4.Ecologisch ontwerp: planning, raadpleging en cocreatie

Het EU-beleid inzake ecologisch ontwerp en energie-etikettering is al bijzonder doeltreffend wat de realisatie van energie-efficiëntie betreft. Het leidt tot besparingen voor consumenten, minder afhankelijkheid van de invoer van fossiele energie en verlaging van de emissies. De laatste decennia zijn regels voor ongeveer 30energiegerelateerde productgroepen27 vastgesteld. De nauwkeurig gerichte vaststelling van meerjarige werkplannen is doorslaggevend geweest voor de duidelijke prioriteiten, doeltreffendheid en efficiëntie in het kader van de richtlijn inzake ecologisch ontwerp. Dit zal in het kader van de verordening duurzame producten op basis van een gedegen en robuuste aanpak voor het aanwijzen van prioritaire producten worden voortgezet.

Om voor een soepele overgang naar het kader van de verordening duurzame producten te zorgen, wordt als onderdeel van dit pakket het nieuwe werkplan voor ecologisch ontwerp en energie-etikettering voor de periode 2022-2024 vastgesteld. Daarmee wordt ervoor gezorgd dat de werkzaamheden in het kader van de huidige richtlijn inzake ecologisch ontwerp zonder vertraging kunnen worden voortgezet totdat het nieuwe kader van de verordening duurzame producten in werking treedt, waarmee het energie- en materiaalverbruik voor energiegerelateerde producten verder wordt teruggedrongen. Andere aangewezen producten, zoals verwarmingssystemen met afgifte op lage temperatuur, hebben een energiebesparingspotentieel van miljarden euro’s als gevolg van minder consumptie-uitgaven.Met het nieuwe werkplan wordt er bovenal voor gezorgd dat circulariteitsaspecten voor zover dat in het huidige rechtskader mogelijk is steeds meer worden aangepakt.

De Commissie is voornemens in het kader van de voorgestelde verordening duurzame producten van start te gaan met de werkzaamheden om daarin nieuwe producten en nieuwe parameters op te nemen.
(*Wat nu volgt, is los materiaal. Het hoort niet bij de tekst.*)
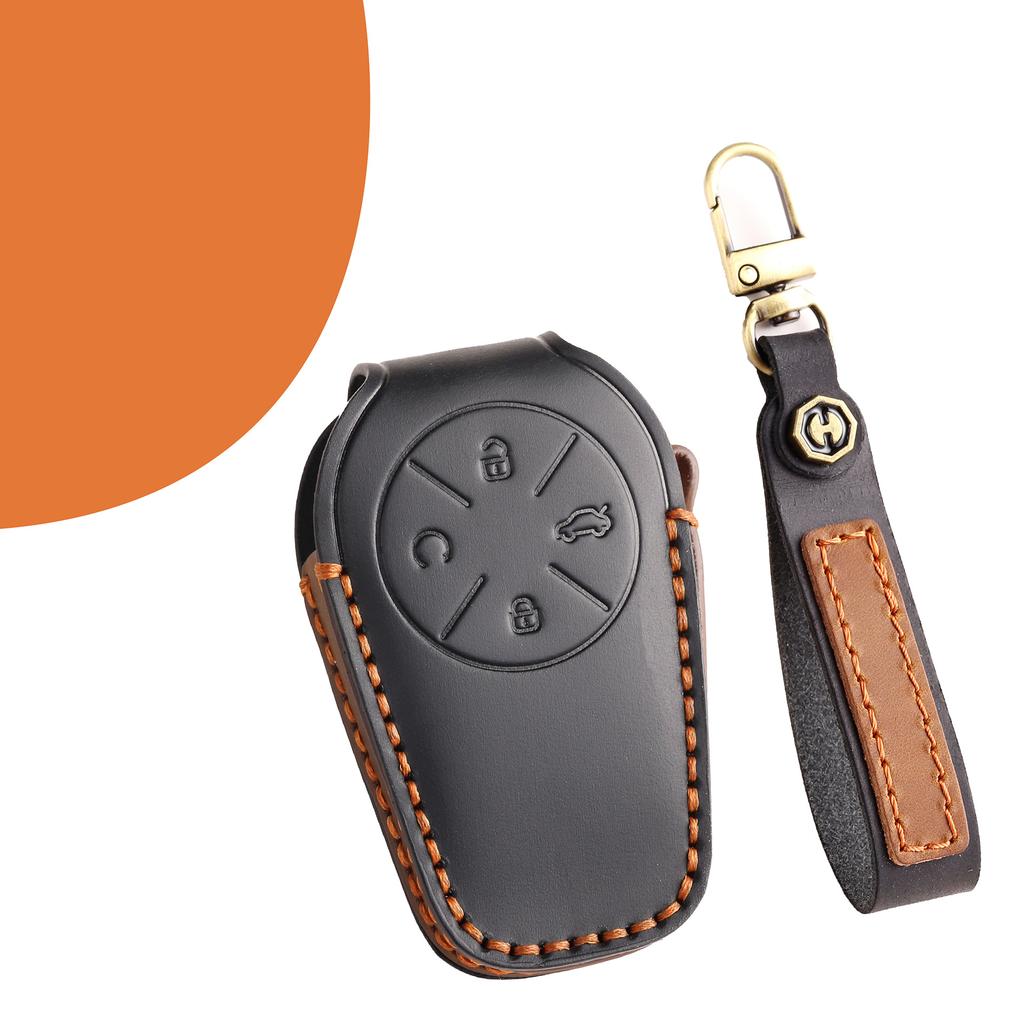 Applicable to 2024 new Xingtu Lunar Key Case Chery TX Yaoguang CDM Lingyun Leather Car Key Case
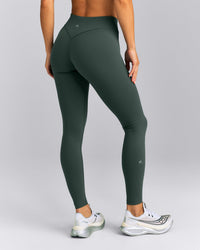 UnifiedMove™ V Front Mid Rise Leggings New Branding | Shadow Green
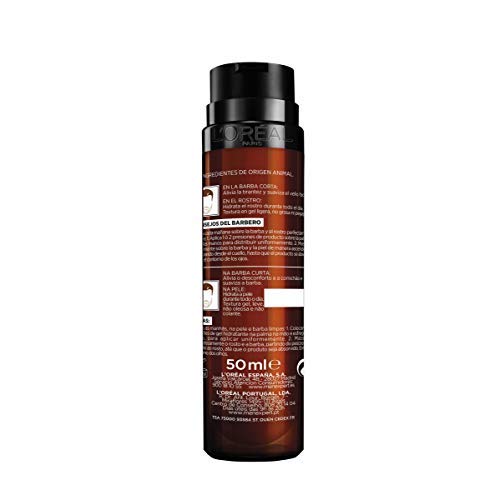 L'Oréal Paris Men Expert - Barber Club gel hidratante para barba corta y piel - 50 ml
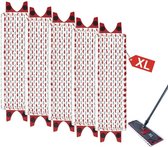 Microvezeldoeken geschikt voor Vileda Ultramax XL vloerwissers - 5 stuks - Dweildoeken - vervangende overtrek - extra brede dweilhoes - Navulling - voor alle harde vloeren, vlekkenwerend - wasbaar - dweilpads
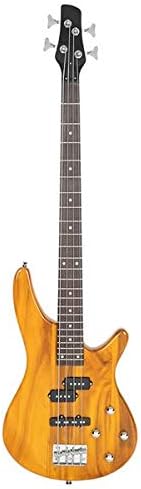 Home Exquisite Stylish IB Bass with Power Line and Wrench Tool Transparent Yellow 3-7 Days Delivery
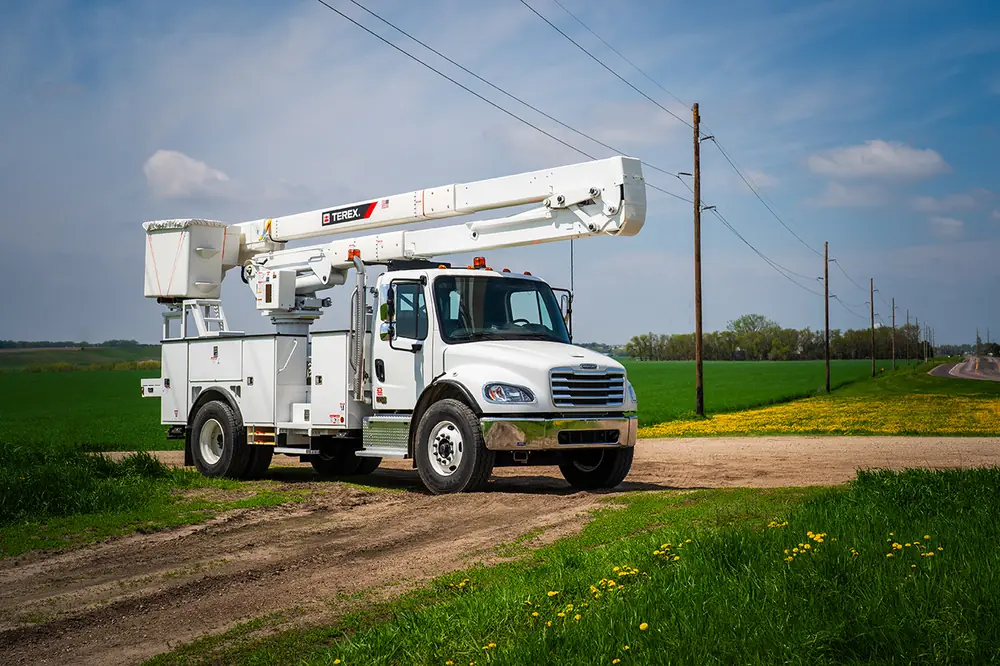 Terex Optima TC55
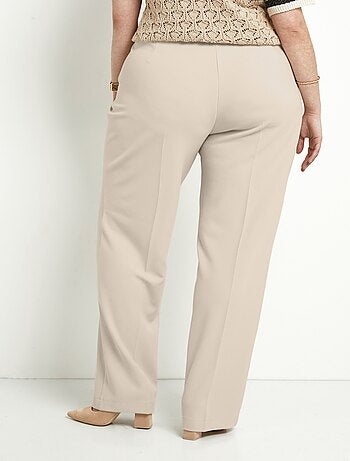 Pantalon fluide large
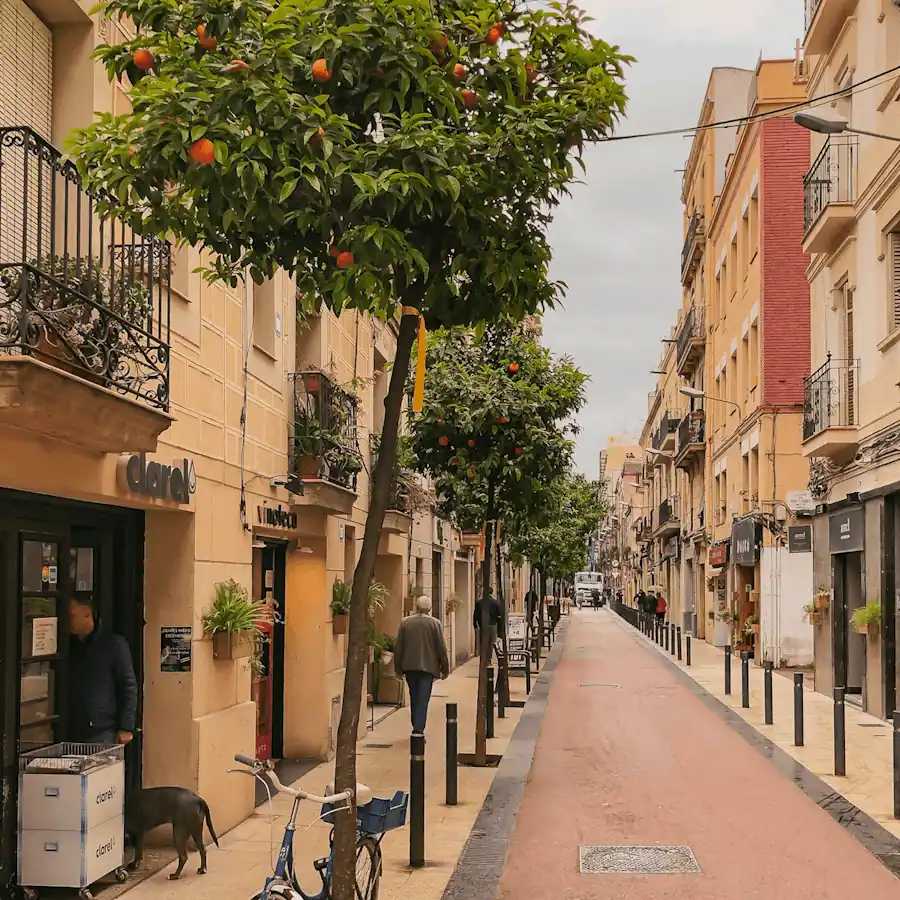 Rivermate | Barcelona street view
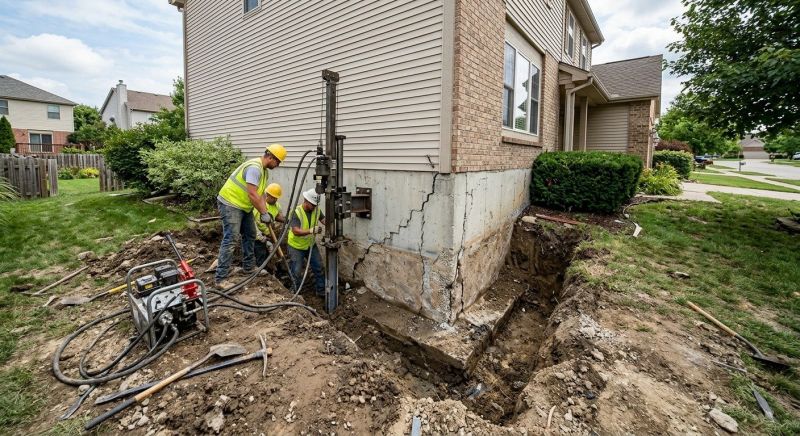 Structural Foundation Repair in Burke, VA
De Commissie is voornemens onverwijld productspecifieke maatregelen voor te stellen zodra het nieuwe kader van kracht is. Om te waarborgen dat op transparante en inclusieve wijze de juiste prioriteiten worden gesteld, zal de Commissie tegen eind 2022 een openbare raadpleging organiseren over de categorieën producten die voor het eerste werkplan in het kader van de verordening betreffende ecologisch ontwerp voor duurzame producten moeten worden geselecteerd. Uit een voorlopige beoordeling van de Commissie is gebleken dat productcategorieën zoals textiel, meubels, matrassen, banden, wasmiddel, verf, smeermiddelen, ijzer, staal en aluminium een grote impact op het milieu en veel verbeteringspotentieel hebben en dus geschikt zijn voor het eerste werkplan.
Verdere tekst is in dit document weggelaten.